The output must start at the line containing "Mão segurar branco" in the records below and stop at the last line, matching each line exactly and leaving out every picture.

* Data for the task:

========

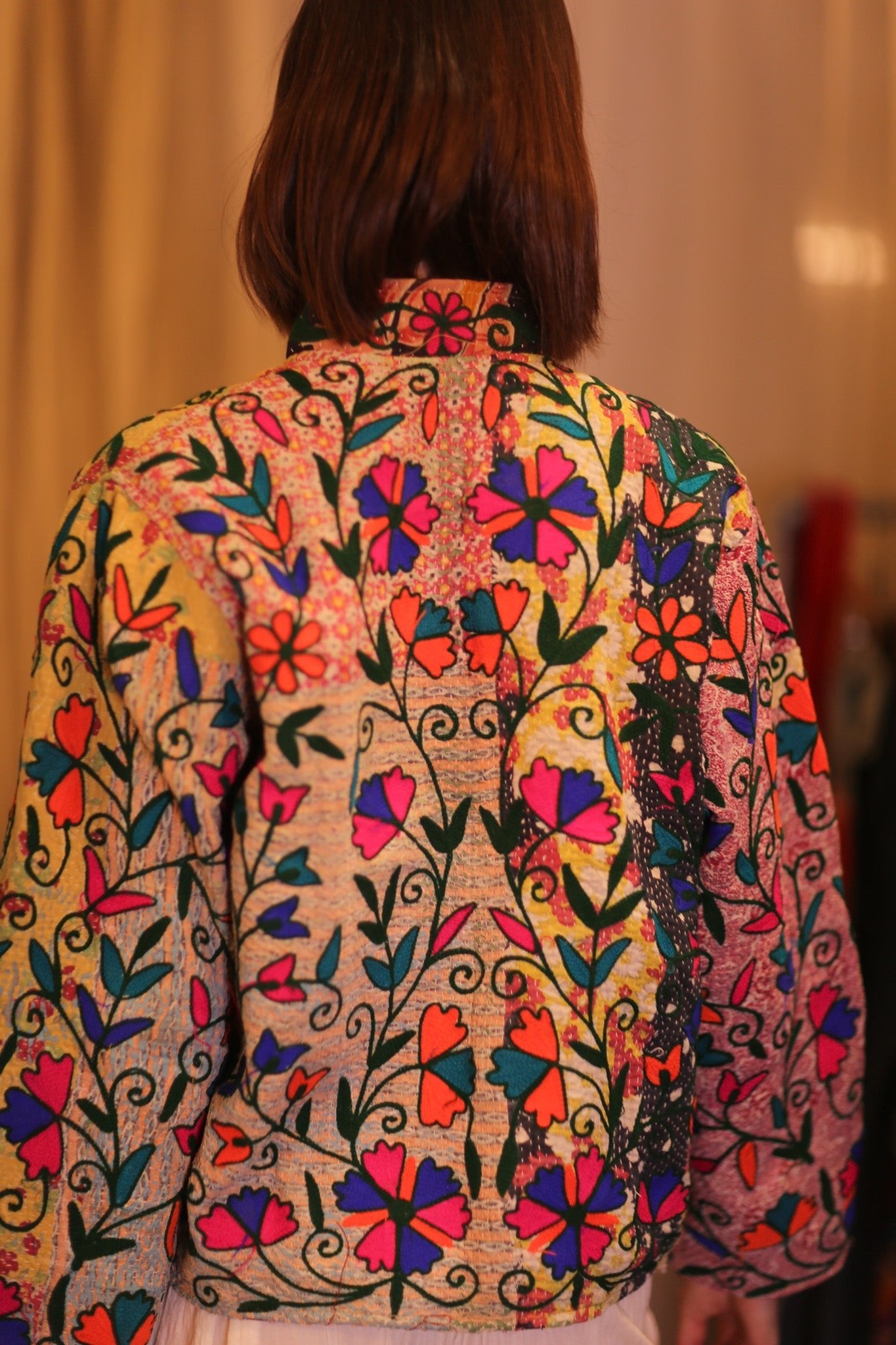 EMBROIDERED KANTHA SHORTJACKET INGRID PAUNGPE - MOMO STUDIO BERLIN - Berlin Concept Store - sustainable & ethical fashion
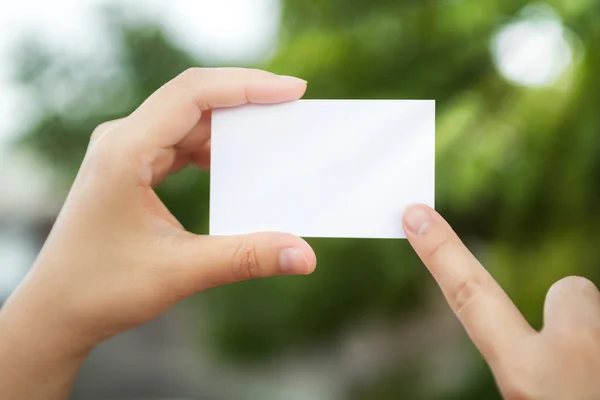 Mão segurar branco cartão comercial em branco — Fotografia de Stock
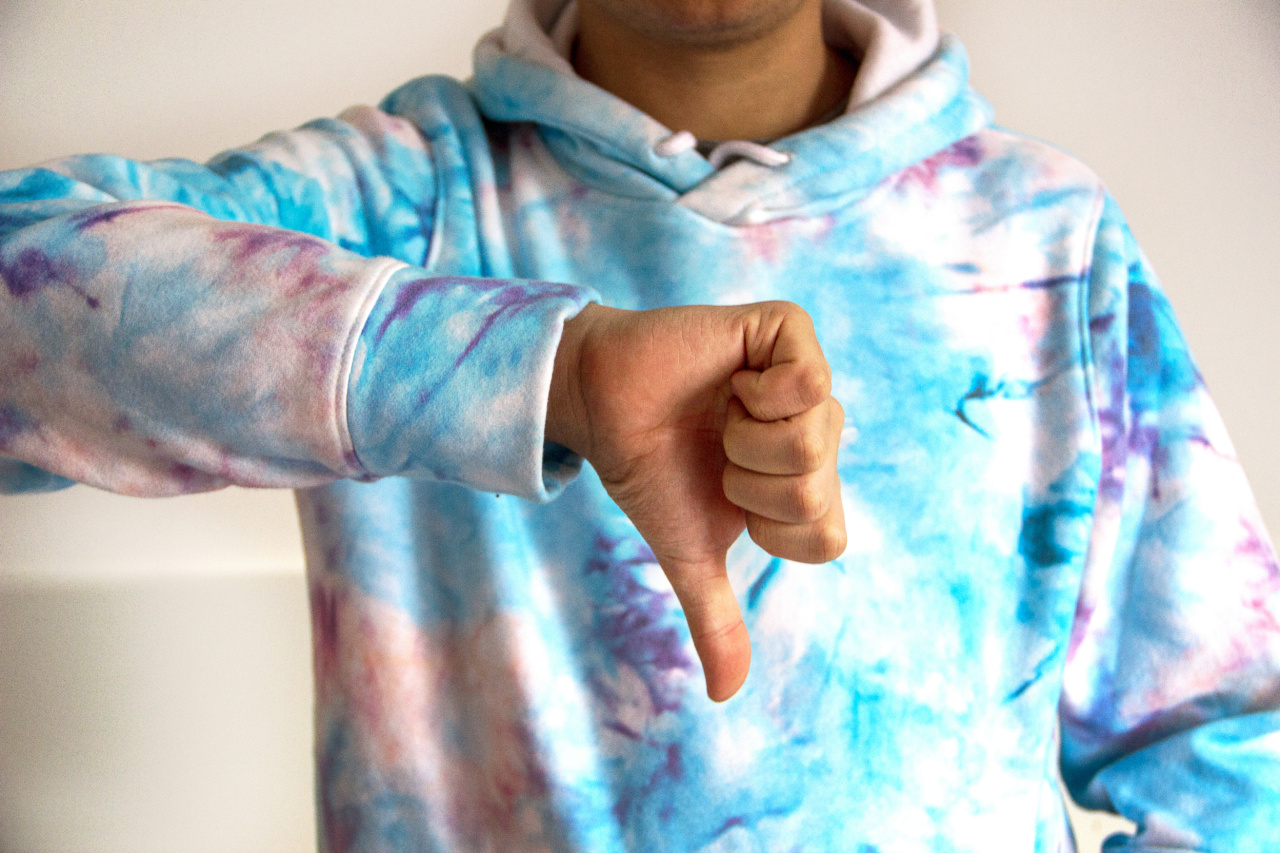 Is cracking your fingers bad for you?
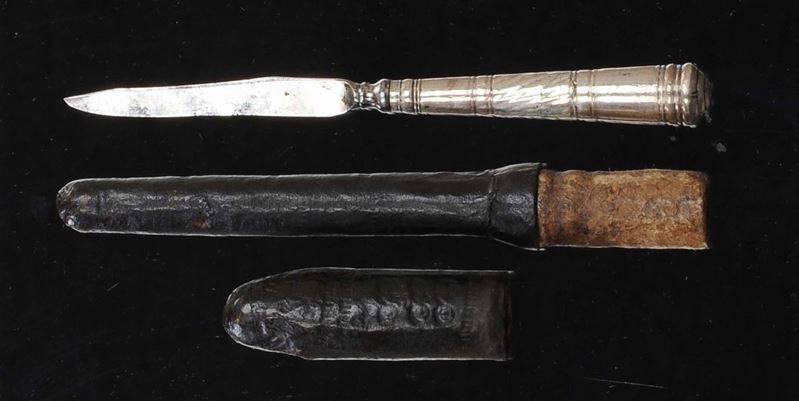 Coltellino in argento con manico cesellato, Europa XVII-XVIII secolo  - Asta Antiquariato, Argenti e Dipinti Antichi - Cambi Casa d'Aste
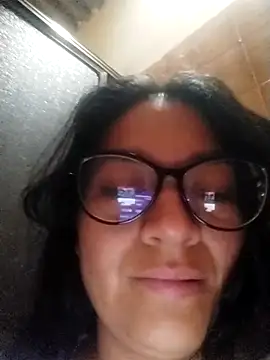 Snapshot of LatinSquirtBaby chatting on June 6, 2:33 pm LatinSquirtBaby online show from June 6, 2:33 pm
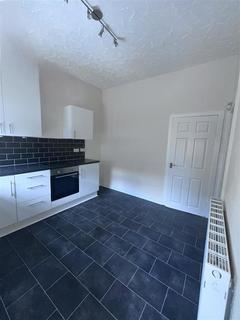 2 bedroom terraced house to rent, Minto Street, Ashton-under-lyne OL7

========

* Your solution:
 Mão segurar branco cartão comercial em branco — Fotografia de Stock
 Is cracking your fingers bad for you?
 Coltellino in argento con manico cesellato, Europa XVII-XVIII secolo  - Asta Antiquariato, Argenti e Dipinti Antichi - Cambi Casa d'Aste
 Snapshot of LatinSquirtBaby chatting on June 6, 2:33 pm LatinSquirtBaby online show from June 6, 2:33 pm
 2 bedroom terraced house to rent, Minto Street, Ashton-under-lyne OL7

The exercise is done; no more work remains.